Sunday, January 28, 2007

Mixed Feelings

Hi Everyone,
I just got home from 6 days in Florida with my Mom and my Auntie Sherrie. We visited my cousin CJ for two days in Miami, then headed to Tampa and Ocala to hang out with my Grandma and Grandpa Teuber.

It was a fun trip but not really vacation like. We spent most of our time in the car shuttling between the different cities with a lot of luggage. Wherever my Mom and Aunt went, TJ Maxx bags seemed to follow them!

I slept at my Grandparents house, and that was nice to spend time with them. They are very spry, 84 and 89, and they work around their house as though they are 40!

I feel so well, and I look healthy. It is just so hard to think that a year ago, the doctors were telling me that my cancer had spread, and I wasn't harvesting stem cells. It was not that long ago, but it seems like my world has changed, and I never had cancer.

My friend, that I met over the Internet, Alese Coco, is a Hodgkin's champion, and has been working at eradicating her disease since 2001. She just found out that she is to have her second stem cell transplant. She is so spunky, and pretty and full of life. I can't believe that she is going through this some more. Please say a prayer for her at alesecoco.org. There you will find links of cancer surviviors and a memorial page. She has been sweet enough to put my blog on her page. The disturbing thing was to see how many memorial tributes there are with people who had the same crippling disease that I had.

It just makes me put everything into perspecitve. After I started feeling better, I started to do things like before I was diagnosed such as drinking alcohol, and eating food that wasn't so great for you. And now that I am better, I feel like I am back up to my old tricks.

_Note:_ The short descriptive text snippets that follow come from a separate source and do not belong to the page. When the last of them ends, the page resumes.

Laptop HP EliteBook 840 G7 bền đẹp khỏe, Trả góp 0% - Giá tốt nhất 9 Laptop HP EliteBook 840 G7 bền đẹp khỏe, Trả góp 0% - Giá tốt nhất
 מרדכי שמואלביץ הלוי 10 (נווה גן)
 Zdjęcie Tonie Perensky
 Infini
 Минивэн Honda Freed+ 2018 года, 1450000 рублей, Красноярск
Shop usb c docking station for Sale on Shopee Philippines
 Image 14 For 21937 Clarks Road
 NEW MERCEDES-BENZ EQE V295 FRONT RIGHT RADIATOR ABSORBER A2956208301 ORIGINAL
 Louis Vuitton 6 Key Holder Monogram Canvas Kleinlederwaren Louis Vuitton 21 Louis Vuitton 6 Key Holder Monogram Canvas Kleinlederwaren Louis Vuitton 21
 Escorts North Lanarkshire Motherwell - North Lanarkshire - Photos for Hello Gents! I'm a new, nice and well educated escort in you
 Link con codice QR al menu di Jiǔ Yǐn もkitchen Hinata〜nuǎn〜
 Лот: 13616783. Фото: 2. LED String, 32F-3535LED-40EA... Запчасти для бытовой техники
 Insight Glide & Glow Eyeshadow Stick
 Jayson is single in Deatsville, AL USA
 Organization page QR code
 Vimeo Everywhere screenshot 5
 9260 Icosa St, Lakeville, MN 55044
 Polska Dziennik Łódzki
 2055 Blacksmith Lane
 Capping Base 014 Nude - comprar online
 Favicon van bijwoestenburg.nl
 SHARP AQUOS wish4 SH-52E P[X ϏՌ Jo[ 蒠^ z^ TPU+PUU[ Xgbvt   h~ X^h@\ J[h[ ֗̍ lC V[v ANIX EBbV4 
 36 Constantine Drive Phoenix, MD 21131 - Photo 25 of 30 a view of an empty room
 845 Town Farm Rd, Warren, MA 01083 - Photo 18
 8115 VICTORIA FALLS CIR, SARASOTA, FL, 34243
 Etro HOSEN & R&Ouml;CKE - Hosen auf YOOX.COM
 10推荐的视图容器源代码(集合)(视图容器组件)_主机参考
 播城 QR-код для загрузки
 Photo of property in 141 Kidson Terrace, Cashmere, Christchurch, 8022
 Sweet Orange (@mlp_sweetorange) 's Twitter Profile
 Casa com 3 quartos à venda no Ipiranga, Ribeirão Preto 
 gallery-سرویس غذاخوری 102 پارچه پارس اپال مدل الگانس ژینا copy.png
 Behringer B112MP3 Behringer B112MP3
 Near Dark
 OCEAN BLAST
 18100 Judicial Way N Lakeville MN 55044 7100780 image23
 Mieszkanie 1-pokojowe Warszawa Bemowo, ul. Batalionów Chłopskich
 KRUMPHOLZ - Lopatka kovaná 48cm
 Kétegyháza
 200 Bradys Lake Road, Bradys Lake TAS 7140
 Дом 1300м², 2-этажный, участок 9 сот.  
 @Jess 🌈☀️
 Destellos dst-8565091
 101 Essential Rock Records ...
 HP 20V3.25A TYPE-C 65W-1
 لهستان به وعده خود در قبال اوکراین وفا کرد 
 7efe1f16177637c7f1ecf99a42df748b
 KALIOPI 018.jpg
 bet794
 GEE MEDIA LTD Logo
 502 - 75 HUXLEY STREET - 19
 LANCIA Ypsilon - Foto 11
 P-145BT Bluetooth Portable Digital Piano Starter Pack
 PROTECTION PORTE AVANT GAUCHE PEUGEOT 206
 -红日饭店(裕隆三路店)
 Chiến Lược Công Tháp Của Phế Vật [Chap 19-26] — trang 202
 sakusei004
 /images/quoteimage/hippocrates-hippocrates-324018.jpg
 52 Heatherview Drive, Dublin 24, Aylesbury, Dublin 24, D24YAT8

Seeing people who lost their fight, or are still fighting Hodgkin's, brings back a sea of emotions for me from my illness, and a reality check. I fought so hard to be here, and now that I am here, I am not fully appreciating my life as much as I should be. It is almost like I have forgotten everything I have been through. Sounds crazy doesn't it?

I just need to always keep my experience close to my heart, and never forget. The scariest thing with cancer is that even though it is gone for a while, it doesn't mean it is going to stay away forever.

I see Dr. Winter early on Thursday, and we will do full labs, full hormone testing and a panel to see if my measels, mumps and rubella immunizations have been compeltely wiped out, or if I have some immunity left. This will be great because with the fertility tests we can gain a sense of if I really am menopausal or not. I will let you guys know when I find something out.